The department also revised its past employment estimates to show that job losses from the Great Recession have been much worse than previously stated. The economy has shed 8.4 million jobs since the downturn began in December 2007, up from a previous figure of 7.2 million.
That’s the most jobs lost in any recession, as a percent of total employment, since World War II.”
“The Labor Department says unemployment claims rose 8,000 to a seasonally adjusted 480,000 last week. Economists had predicted claims would drop to 460,000.”
“Stock futures weakened Thursday as a rise in weekly jobless claims damped hopes about a key employment report Friday.”
Real unemployment rate?
From Fox News, February 05, 2010
“The Real Story Behind Our Unemployment Numbers”
“A slight improvement in the jobless rate but what is the government hiding about the picture for most of 2009?”

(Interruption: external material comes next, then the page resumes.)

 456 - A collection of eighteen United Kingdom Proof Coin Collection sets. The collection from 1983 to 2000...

“Most people seem to believe that the number of Americans with jobs is a clearly identifiable number. All you do is count up the number of people with jobs. Unfortunately, that isn’t the way it works. The number reported each month is based on surveys, and surveys have can often have problems. As it turns out, the surveys estimating the number of people with jobs reported over the last couple of years suffered from some really big problems. The economy actually lost about 824,000 more jobs during the recession than we previously thought.

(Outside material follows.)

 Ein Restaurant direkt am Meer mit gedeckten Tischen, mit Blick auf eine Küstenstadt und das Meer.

But those adjustments have so far only been made through March 2009, and there are strong reasons to believe that the survey data since then also needs to be adjusted downward.

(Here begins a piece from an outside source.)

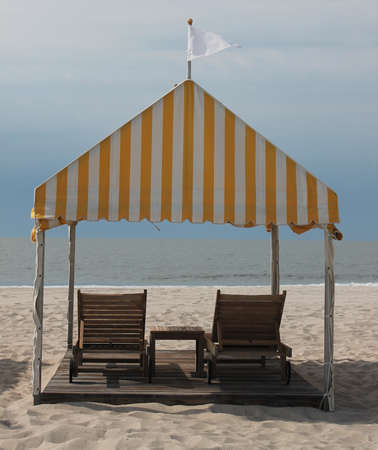 Beach deckchairs and cabanaの写真素材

There are two ways economists measure the number of jobs, the establishment survey that asks about 370,000 employers how many people they are employing and the household survey that asks about 110,000 people each month whether they are working. The establishment survey is often given more weight because about 40 million Americans work for the companies surveyed, a lot more than the 110,000 people interviewed in the other survey. But 110,000 people still make up a huge sample (remember that a big survey for a presidential election might involve 2,000 people), and it is hard to ignore its results. The household survey is also what is used to calculate the unemployment rate.”
“These recent errors are quite large. The error in estimating the number of jobs from April 2008 to March 2009 was 10 times greater than the average error over the preceding eight years. What does this mean in terms of jobs? Normally the government would underestimate the number of new jobs by 80,000 and this time it was overestimating them by about 800,000.”
Do the government numbers “smell right” to you?